WORK INSTRUCTION
Below are records; copy every line among them that contains the word "Surf".

--- --- ---

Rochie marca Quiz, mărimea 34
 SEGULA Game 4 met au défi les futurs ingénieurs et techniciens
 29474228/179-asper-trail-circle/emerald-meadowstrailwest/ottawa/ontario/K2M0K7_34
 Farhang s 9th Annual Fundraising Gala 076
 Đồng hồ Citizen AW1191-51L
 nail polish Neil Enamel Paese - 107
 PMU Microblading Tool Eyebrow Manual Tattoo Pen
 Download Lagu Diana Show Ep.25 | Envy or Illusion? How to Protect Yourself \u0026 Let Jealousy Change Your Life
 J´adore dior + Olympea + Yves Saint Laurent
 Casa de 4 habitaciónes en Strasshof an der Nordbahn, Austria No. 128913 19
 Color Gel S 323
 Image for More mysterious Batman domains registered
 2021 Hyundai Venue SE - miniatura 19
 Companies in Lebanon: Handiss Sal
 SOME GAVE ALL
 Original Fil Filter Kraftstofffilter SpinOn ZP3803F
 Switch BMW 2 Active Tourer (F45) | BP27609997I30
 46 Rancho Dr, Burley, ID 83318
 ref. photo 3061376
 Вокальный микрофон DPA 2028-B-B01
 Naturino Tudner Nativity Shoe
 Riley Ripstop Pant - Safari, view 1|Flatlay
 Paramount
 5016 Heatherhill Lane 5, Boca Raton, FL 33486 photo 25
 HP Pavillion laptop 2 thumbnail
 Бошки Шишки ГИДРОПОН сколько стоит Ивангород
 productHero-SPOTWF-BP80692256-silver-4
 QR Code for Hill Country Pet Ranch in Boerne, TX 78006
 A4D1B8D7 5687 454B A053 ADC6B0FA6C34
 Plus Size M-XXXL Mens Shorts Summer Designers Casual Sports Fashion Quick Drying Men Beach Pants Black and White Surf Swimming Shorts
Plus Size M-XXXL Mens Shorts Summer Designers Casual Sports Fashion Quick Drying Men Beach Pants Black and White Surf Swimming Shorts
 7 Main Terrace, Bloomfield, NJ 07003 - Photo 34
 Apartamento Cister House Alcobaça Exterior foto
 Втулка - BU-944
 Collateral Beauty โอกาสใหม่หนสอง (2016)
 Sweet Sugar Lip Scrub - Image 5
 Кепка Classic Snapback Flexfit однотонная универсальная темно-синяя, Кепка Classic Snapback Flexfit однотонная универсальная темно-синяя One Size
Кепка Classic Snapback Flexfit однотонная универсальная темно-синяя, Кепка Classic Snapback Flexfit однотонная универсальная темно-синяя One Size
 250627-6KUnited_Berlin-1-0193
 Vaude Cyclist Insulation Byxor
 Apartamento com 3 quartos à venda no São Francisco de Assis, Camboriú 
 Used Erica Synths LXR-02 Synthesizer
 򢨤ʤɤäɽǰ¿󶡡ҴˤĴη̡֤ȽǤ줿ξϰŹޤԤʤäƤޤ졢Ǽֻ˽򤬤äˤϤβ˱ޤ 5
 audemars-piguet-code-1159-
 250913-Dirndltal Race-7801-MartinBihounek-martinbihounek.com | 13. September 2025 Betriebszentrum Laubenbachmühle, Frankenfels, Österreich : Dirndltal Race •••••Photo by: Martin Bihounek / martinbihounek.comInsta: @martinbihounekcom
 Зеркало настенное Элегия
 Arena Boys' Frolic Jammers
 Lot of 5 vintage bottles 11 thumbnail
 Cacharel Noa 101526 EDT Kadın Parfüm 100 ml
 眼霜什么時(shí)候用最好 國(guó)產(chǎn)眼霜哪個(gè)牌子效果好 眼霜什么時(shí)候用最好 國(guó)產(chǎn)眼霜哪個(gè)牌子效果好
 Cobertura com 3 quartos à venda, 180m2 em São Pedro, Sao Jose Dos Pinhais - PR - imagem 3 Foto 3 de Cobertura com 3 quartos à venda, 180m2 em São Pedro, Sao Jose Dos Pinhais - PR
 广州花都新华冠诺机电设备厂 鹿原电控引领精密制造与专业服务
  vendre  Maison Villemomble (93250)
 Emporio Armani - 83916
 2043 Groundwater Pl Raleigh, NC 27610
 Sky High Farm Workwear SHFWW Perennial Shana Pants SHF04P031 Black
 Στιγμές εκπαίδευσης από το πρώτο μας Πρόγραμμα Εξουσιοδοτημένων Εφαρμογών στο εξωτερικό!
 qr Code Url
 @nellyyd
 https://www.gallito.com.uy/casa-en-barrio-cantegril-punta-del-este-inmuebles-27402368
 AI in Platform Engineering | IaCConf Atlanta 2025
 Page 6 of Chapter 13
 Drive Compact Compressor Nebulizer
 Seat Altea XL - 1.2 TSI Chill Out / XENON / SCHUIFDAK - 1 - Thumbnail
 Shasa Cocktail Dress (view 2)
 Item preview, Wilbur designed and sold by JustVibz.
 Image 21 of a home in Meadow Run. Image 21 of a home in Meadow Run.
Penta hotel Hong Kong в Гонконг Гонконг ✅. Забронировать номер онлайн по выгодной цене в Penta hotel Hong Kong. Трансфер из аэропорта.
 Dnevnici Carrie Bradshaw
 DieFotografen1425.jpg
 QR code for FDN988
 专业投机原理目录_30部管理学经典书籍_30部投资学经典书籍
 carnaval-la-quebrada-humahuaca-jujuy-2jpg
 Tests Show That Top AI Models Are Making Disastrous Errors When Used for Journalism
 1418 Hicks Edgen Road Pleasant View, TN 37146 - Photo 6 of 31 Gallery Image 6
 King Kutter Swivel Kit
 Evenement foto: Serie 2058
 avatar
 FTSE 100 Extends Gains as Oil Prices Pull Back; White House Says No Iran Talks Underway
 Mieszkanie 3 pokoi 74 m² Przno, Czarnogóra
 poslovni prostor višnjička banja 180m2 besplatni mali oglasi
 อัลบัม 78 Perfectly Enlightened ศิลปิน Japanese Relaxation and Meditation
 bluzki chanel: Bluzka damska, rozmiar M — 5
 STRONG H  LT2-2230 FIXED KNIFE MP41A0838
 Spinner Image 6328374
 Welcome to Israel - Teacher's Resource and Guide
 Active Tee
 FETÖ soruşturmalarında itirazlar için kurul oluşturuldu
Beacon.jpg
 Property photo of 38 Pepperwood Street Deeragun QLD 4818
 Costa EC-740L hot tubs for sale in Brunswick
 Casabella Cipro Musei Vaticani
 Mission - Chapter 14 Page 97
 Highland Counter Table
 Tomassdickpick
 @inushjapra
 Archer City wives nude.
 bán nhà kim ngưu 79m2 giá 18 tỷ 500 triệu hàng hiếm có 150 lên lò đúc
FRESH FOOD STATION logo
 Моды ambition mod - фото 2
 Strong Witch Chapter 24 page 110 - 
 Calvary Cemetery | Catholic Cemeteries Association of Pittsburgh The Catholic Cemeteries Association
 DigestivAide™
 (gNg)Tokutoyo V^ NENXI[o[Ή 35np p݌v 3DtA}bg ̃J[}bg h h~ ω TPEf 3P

--- --- ---

REPLY
 Plus Size M-XXXL Mens Shorts Summer Designers Casual Sports Fashion Quick Drying Men Beach Pants Black and White Surf Swimming Shorts
Plus Size M-XXXL Mens Shorts Summer Designers Casual Sports Fashion Quick Drying Men Beach Pants Black and White Surf Swimming Shorts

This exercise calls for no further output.